** INFORMATION SHOWN **
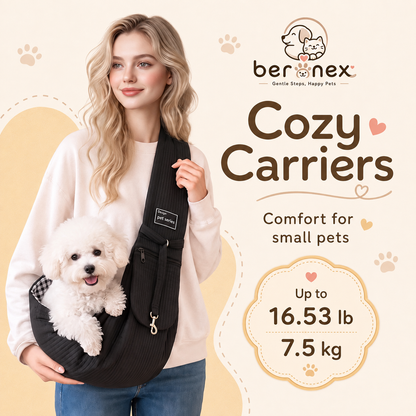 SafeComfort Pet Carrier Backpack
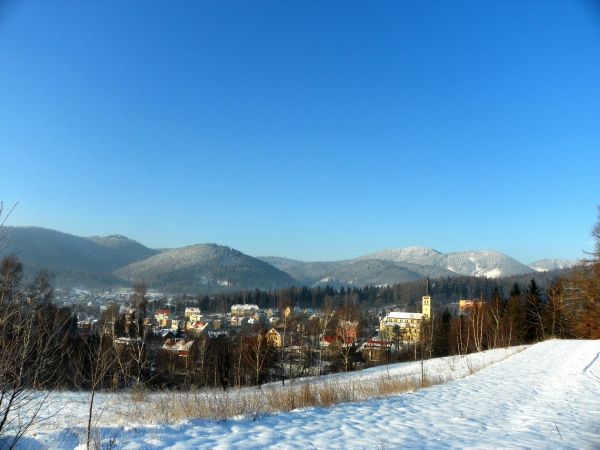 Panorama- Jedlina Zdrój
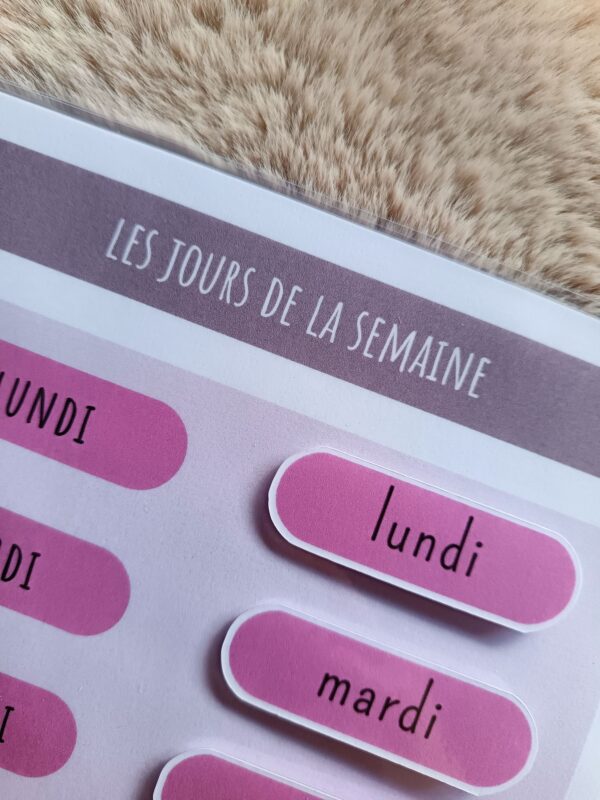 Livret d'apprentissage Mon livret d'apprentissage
==
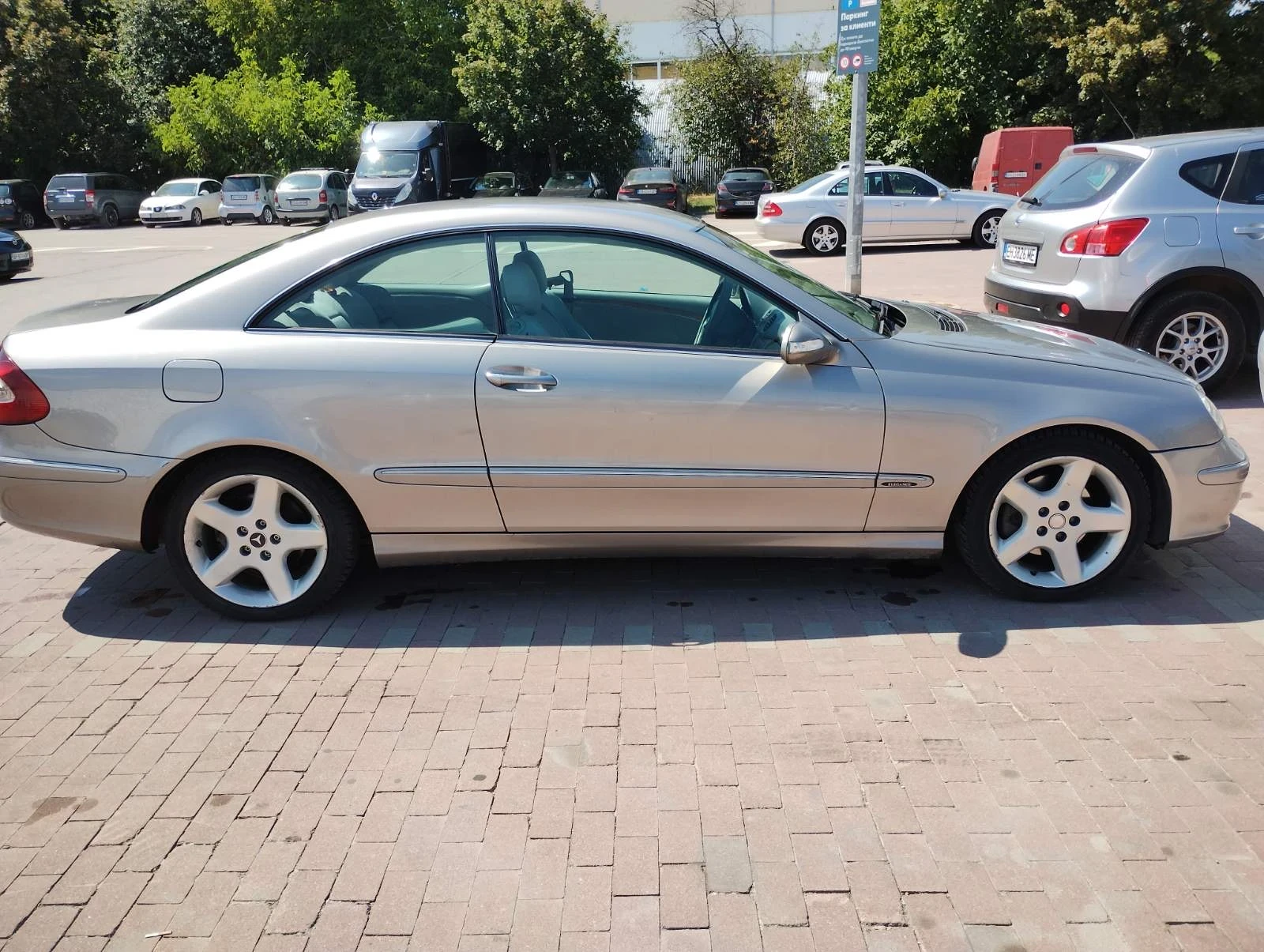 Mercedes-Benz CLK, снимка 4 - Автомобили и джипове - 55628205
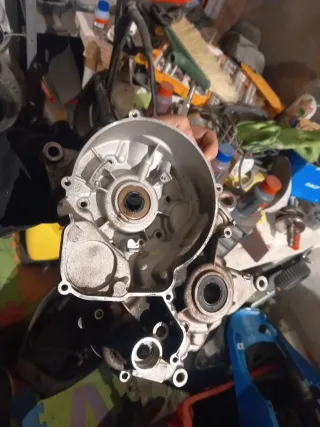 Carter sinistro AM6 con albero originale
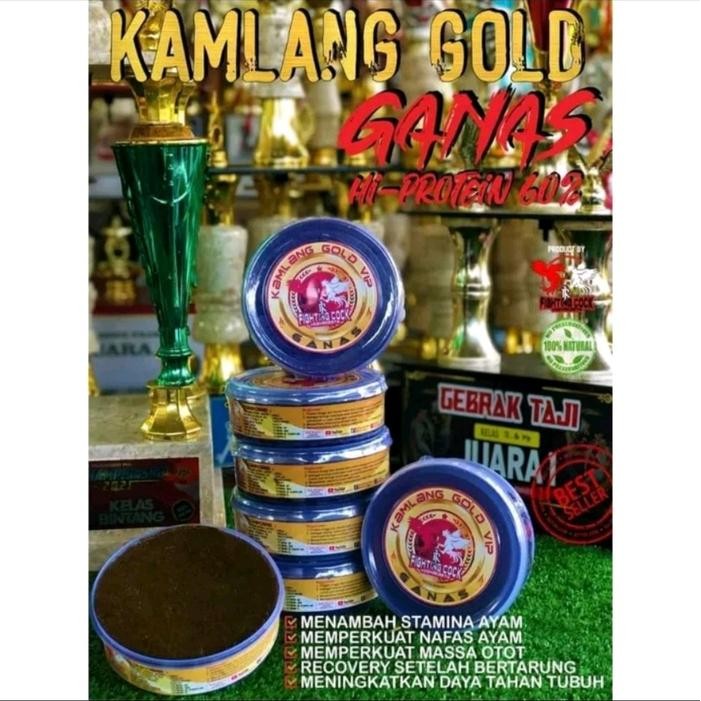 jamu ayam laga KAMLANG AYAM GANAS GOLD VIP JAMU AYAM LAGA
---
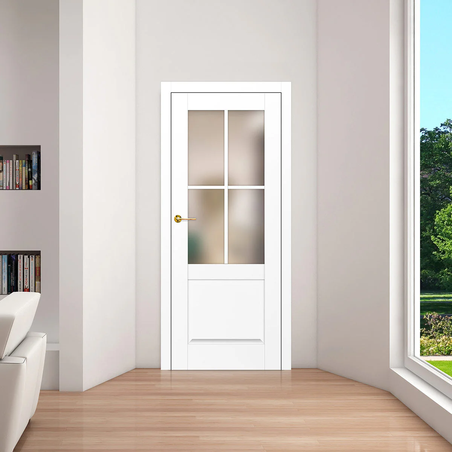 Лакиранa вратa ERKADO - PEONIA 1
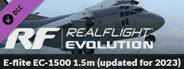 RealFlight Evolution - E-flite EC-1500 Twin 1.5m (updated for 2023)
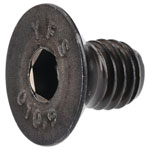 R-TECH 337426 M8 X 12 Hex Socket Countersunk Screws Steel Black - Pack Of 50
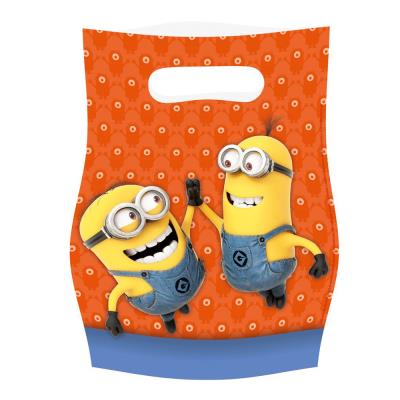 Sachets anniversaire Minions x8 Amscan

** TASK REQUIREMENTS **
Your answer should be the exact lines above from the one containing "R-TECH 337426 M8" through the one containing "Sachets anniversaire Minions x8 Amscan", with both end lines kept and the pictures removed, please.

** REPLY **
 R-TECH 337426 M8 X 12 Hex Socket Countersunk Screws Steel Black - Pack Of 50
 Sachets anniversaire Minions x8 Amscan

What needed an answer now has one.